Fortunately, new AI-powered tools help mitigate these concerns. These tools rely on natural language processing and sentiment analysis to uncover employee morale and engagement and are attracting the attention of remote companies hoping to understand and, more importantly, optimize employee engagement. Elin is one of a series of new tools that analyzes and provides feedback on company engagement as measured by Slack communication. It uses more than 140 markers, including meta-data, sentiment, and semantic analysis to arm managers with real-time feedback. Keen is a similar platform that sifts through employees’ anonymized emails and uses sentiment analysis to serve up a real-time snapshot of engagement.

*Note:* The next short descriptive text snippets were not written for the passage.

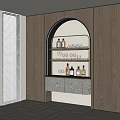 Modern Arched Wine Cabinet with Patterned Doors and Wine Bottles on Wooden Wall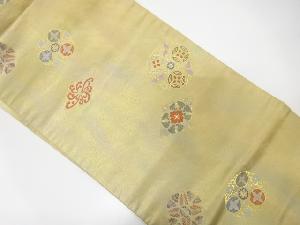 花菱に蝶・七宝模様織出し名古屋帯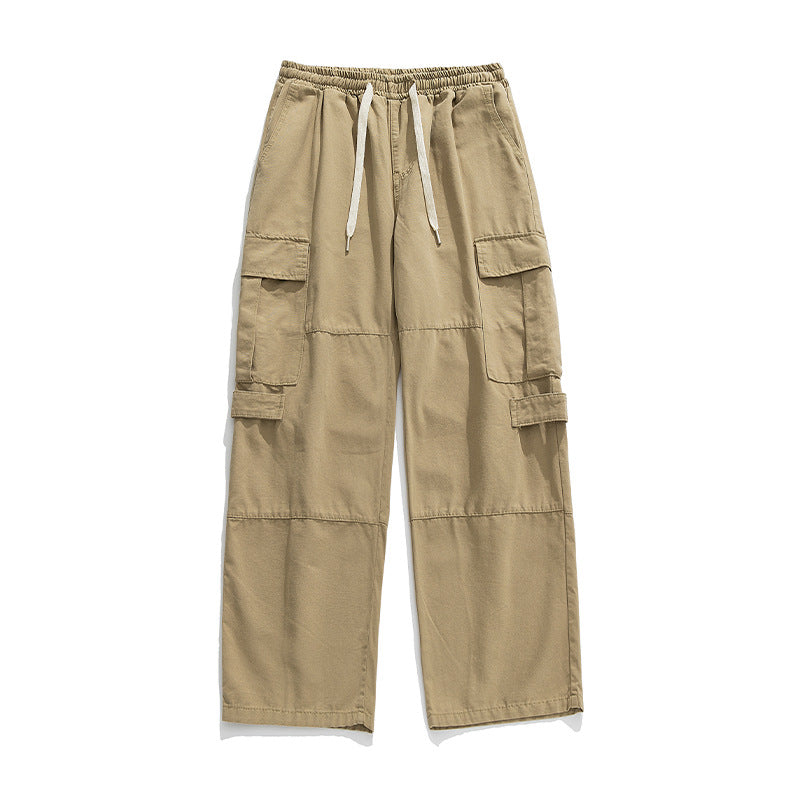 Unisex Weite Cargo-Freizeithose mit elastischem Bund, Tunnelzug und mehrfachen Klappentaschen Drune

While privacy concerns loom large and must be brought to the forefront before implementation, these tools have a lot of initial promise to help companies bridge the gap to a remote workforce.
Learning and development
Learning and development is top of mind for today’s workers. More and more workers are prioritizing opportunities for learning and development over pay. According to LinkedIn’s 2018 Workforce Learning Report, a staggering 93% of employees would stay at their company longer if it invested in their careers. Learning and development is especially sought after by millennials. Research by Udemy found that 42% of millennials say learning and development is the most important benefit when selecting where to work.

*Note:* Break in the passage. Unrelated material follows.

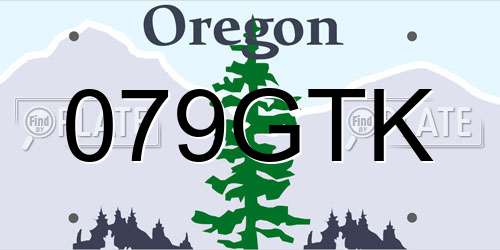 079GTK Oregon License Plate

There are a lot of problems with the ways in which learning and development are served up in today’s workplaces. One such problem is manager involvement. While 56% percent of employees would take a learning and development course recommended by their manager, many managers simply don’t have the time to select nor administer learning and development, according to LinkedIn’s report.
AI-powered tools promise to offer workers opportunities for learning and development above and beyond those currently offered in most workplaces. At the most rudimentary level, AI-powered tools can serve as content recommendation engines, enabling organizations to sort through masses of content and determine which content is best suited for each individual worker, all while accounting for each worker’s aspirations, as well as their company’s trajectory. These tools can identify skill gaps and ensure that each workers’ learning and development journey is dynamic instead of linear.

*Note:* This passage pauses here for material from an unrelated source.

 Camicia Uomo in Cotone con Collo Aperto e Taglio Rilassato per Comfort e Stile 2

Consider, for example, Docebo. Docebo is an AI-powered learning platform that offers personalized and curated content for each user. It automatically tags content to assist in discovery, and analyzes it to understand which workers will benefit from it most.
We’ve known for a long time that different people learn differently. One study by the University of Georgia, for example, found that women and males differ significantly in their preferred teaching style. AI-fueled learning and development tools are able to level up traditional learning and development in the workplace so that it is personalized, comprehensive, and constantly evolving.
Remote work has become a new reality for many businesses in 2020. Facebook, Twitter, Square, and Shopify have already announced that they will allow most of their employees to work from home permanently after the pandemic. More than anything else, technology is remote work’s Achilles heel. Having the right technology tools is critical to empowering remote workers to thrive. AI promises to be a galvanizing force in helping companies bridge the gap to a remote workforce. Tools like AI-powered robot roaches, engagement tools, and learning and development platforms will be essential to ensuring that remote workers, while potentially “out of sight”, are very much “in mind”.